Eurobites: France Flags 5G Auction Delay | Light Reading

Eurobites: France Flags 5G Auction Delay | Light Reading

Paul Rainford


Also in today’s EMEA regional roundup: BT disconnects Prince Andrew; Orange gets more network visibility with ThousandEyes; EE brings 5G to 14 more towns and cities.

  • France is likely to delay its 5G spectrum auction until at least March 2020 because of uncertainty over which networks are to be used, according to the head of FFT, the French telecom federation. As Reuters reports, the FFT’s Arthur Dreyfuss added that the banning of China’s Huawei could delay the auction even further. The auction was originally scheduled for December 2019.
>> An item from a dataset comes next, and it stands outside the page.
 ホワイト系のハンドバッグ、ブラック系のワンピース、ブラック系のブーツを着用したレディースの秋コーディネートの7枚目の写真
  • BT, the UK’s incumbent carrier, has become the latest corporate heavyweight to reverse at speed away from any connections to Prince Andrew, the Brit royal family member who, by common consent, made a royal ass of himself in a recent TV interview in which he tried to explain and defend his association with the late, disgraced financier and sex offender, Jeffrey Epstein. As the Guardian reports, BT announced it was reviewing its links to iDEA, an organization linked to the Prince’s “[email protected]” entrepreneurial scheme. Earlier in the week, consultancy KPMG revealed that it would not be renewing its sponsorship of the scheme.
  • Orange has teamed up with US-based ThousandEyes to beef up the analytics element of its SD-WAN and related cloud services. The hope is that the combination will give businesses the ability to monitor and manage their customers’ digital experience over the public Internet like it is their own private network.
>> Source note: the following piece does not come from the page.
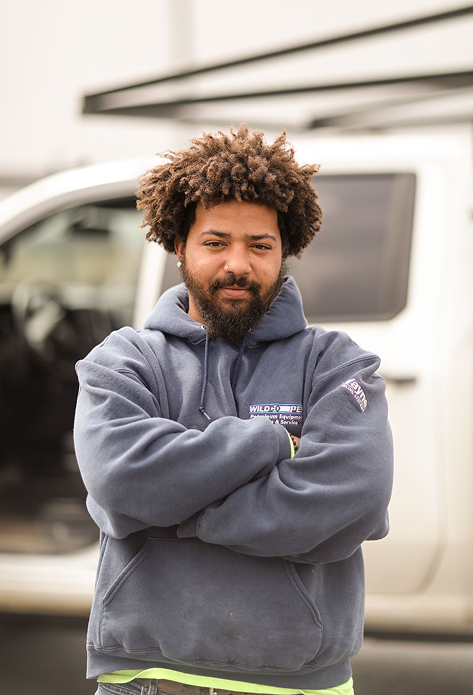 Man with curly hair and beard wearing a blue hoodie standing with arms crossed in front of a white vehicle.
  • EE, the UK mobile operator owned by BT, has switched on 5G in 14 more towns and cities, including Liverpool and Glasgow. The company is also citing the latest figures from RootMetrics, a market-research firm owned by IHS Markit (itself a subsidiary of Light Reading parent company Informa), which show that in London, Birmingham and Cardiff, EE’s 5G network achieved the highest average download speed and 5G availability.
  • UK-based Colt Technology Services has put its business Internet offering, IP Access, on its SDN-enabled On Demand platform. Colt’s IP Access is supported by the company’s IQ Network, which comprises more than 900 data centers and 27,500 on-net buildings globally.
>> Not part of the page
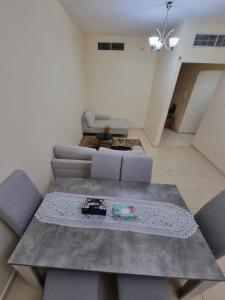 a living room with a couch and a table at Suit Appartment - Ajman in Ajman 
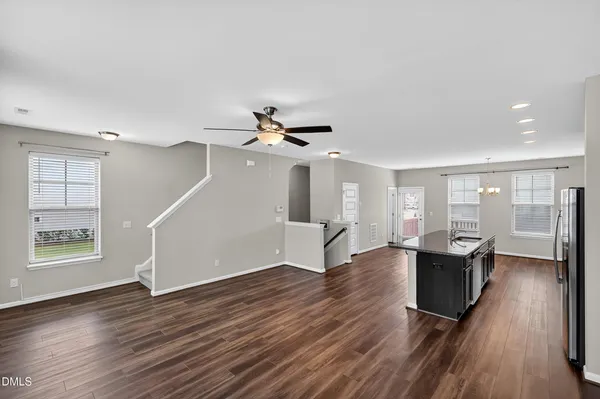 a kitchen with stainless steel appliances granite countertop a sink refrigerator and microwave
  • Barcelona’s city council has signed a letter-of-intent agreement with Huawei which could see the two organizations collaborating on various technological projects related to the city, including 5G, smart-city applications and digital transformation. Barcelona is home to hundreds of technology companies and, of course, the lanyard hell that is Mobile World Congress.
  • The European Telecommunications Network Operators’ Association (ETNO) has been expressing more disgruntlement, this time in relation to draft e-Privacy rules being considered by the European Union member states. ETNO bemoans, among other things, what it sees as the lack of a level playing field for all “digital players” and the “asymmetric regulatory approach” to the use of GPS-derived location data, which is subject to GDPR rules, and mobile-derived location data, which is subject to e-Privacy rules, the latter “affecting the telecoms sector’s ability to innovate and compete with providers of apps and mobile operating systems.” The organization has teamed up with the GSMA and Cable Europe to express its displeasure.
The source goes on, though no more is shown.